WHAT YOU HAVE TO DO: Please write out all the data exactly as shown.

EXERCISE MATERIAL:
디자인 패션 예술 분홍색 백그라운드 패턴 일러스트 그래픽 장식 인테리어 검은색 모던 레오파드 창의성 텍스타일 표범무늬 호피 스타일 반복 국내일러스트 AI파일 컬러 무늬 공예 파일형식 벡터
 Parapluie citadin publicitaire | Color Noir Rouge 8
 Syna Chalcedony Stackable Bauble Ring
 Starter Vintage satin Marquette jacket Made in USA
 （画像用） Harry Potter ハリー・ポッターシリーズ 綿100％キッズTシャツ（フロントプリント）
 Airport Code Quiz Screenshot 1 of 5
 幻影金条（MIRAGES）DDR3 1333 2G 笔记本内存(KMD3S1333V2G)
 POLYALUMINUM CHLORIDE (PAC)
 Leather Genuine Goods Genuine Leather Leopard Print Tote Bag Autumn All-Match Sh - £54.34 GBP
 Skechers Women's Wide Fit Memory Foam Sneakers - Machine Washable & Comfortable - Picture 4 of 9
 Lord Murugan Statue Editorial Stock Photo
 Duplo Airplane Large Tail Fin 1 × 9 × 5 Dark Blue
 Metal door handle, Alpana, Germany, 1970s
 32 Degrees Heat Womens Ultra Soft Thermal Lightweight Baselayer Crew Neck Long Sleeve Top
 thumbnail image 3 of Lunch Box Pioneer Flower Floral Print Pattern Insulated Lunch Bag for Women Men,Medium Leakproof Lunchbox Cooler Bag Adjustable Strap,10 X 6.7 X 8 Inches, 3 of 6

REPLY TO THE EXERCISE:
디자인 패션 예술 분홍색 백그라운드 패턴 일러스트 그래픽 장식 인테리어 검은색 모던 레오파드 창의성 텍스타일 표범무늬 호피 스타일 반복 국내일러스트 AI파일 컬러 무늬 공예 파일형식 벡터
 Parapluie citadin publicitaire | Color Noir Rouge 8
 Syna Chalcedony Stackable Bauble Ring
 Starter Vintage satin Marquette jacket Made in USA
 （画像用） Harry Potter ハリー・ポッターシリーズ 綿100％キッズTシャツ（フロントプリント）
 Airport Code Quiz Screenshot 1 of 5
 幻影金条（MIRAGES）DDR3 1333 2G 笔记本内存(KMD3S1333V2G)
 POLYALUMINUM CHLORIDE (PAC)
 Leather Genuine Goods Genuine Leather Leopard Print Tote Bag Autumn All-Match Sh - £54.34 GBP
 Skechers Women's Wide Fit Memory Foam Sneakers - Machine Washable & Comfortable - Picture 4 of 9
 Lord Murugan Statue Editorial Stock Photo
 Duplo Airplane Large Tail Fin 1 × 9 × 5 Dark Blue
 Metal door handle, Alpana, Germany, 1970s
 32 Degrees Heat Womens Ultra Soft Thermal Lightweight Baselayer Crew Neck Long Sleeve Top
 thumbnail image 3 of Lunch Box Pioneer Flower Floral Print Pattern Insulated Lunch Bag for Women Men,Medium Leakproof Lunchbox Cooler Bag Adjustable Strap,10 X 6.7 X 8 Inches, 3 of 6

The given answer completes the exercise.